WHAT TO DO: Retype the listing below line for line, but only from the line with "LaTeX (Compiled PDF)" down to the line with "Straws use atmospheric", inclusive. Pictures stay out.

DATASET EXTRACT:
--------------------

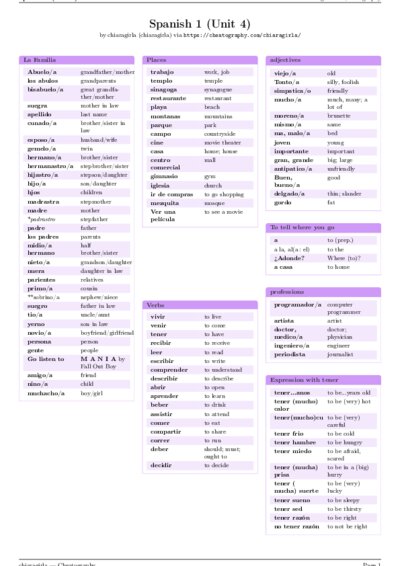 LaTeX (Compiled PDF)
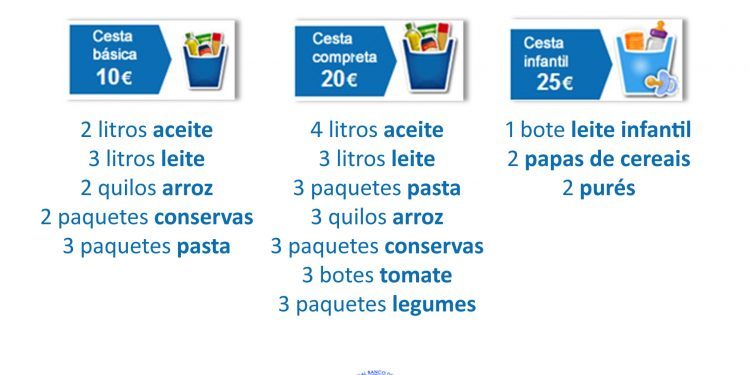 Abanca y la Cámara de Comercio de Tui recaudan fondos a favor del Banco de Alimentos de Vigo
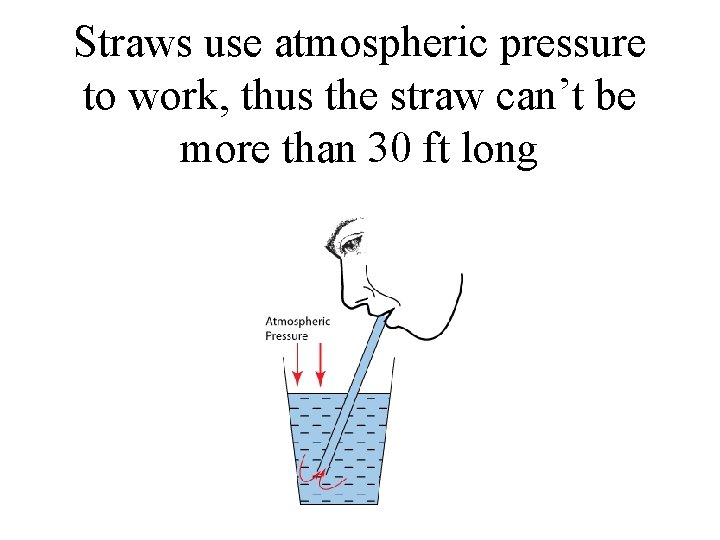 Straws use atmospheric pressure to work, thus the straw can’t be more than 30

--------------------

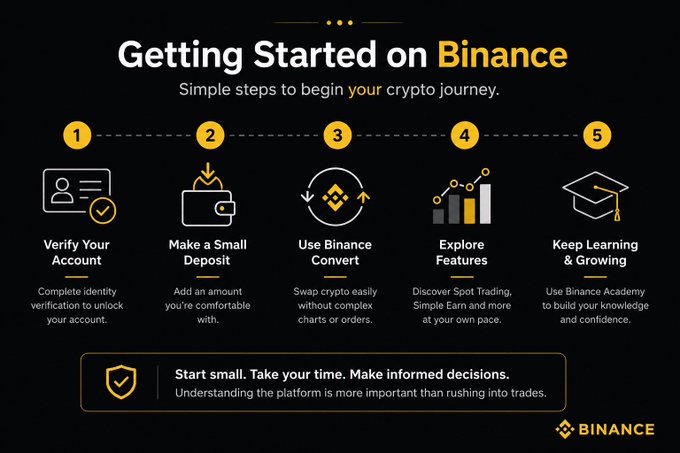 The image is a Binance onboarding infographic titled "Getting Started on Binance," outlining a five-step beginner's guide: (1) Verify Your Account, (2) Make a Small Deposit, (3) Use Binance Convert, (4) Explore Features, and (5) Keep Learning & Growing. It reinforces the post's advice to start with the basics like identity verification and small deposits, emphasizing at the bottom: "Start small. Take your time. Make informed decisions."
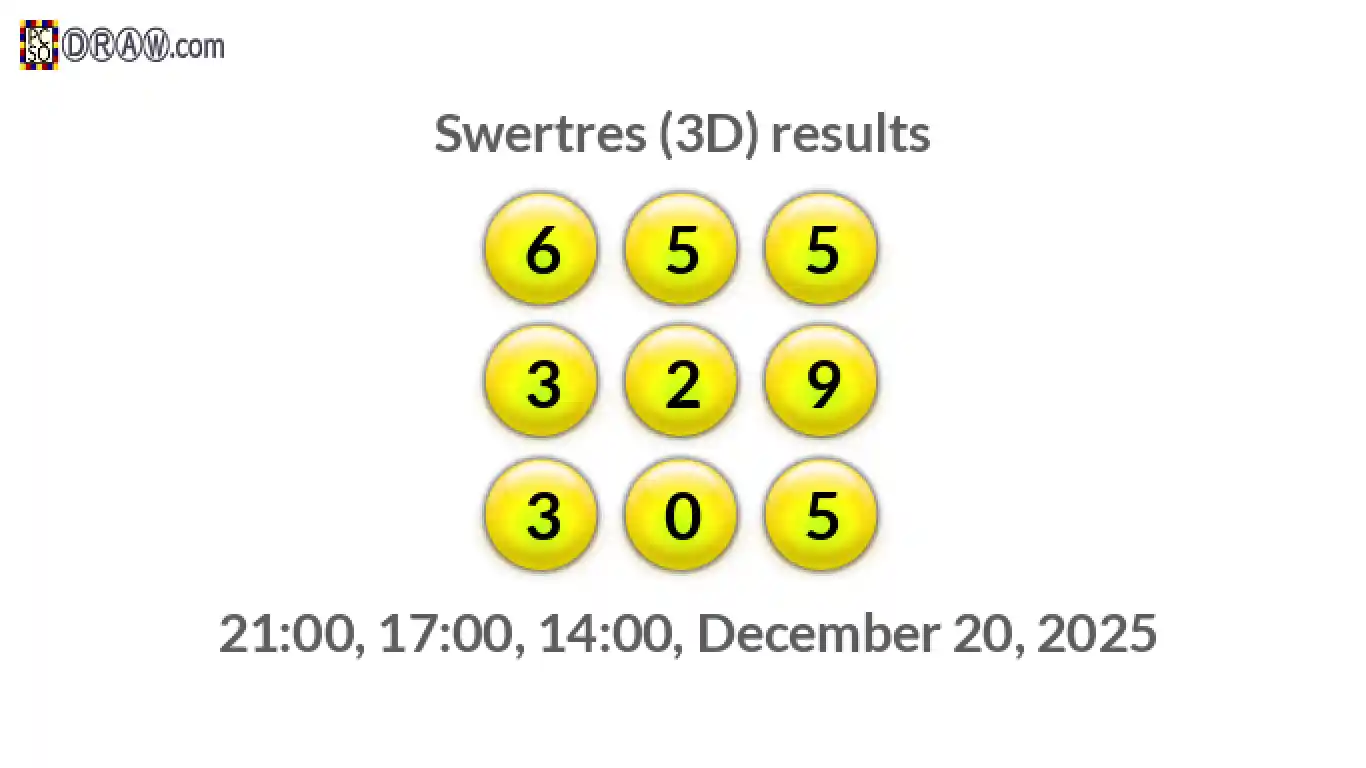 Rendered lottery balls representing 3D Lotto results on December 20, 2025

--------------------

SOLUTION:
 LaTeX (Compiled PDF)
 Abanca y la Cámara de Comercio de Tui recaudan fondos a favor del Banco de Alimentos de Vigo
 Straws use atmospheric pressure to work, thus the straw can’t be more than 30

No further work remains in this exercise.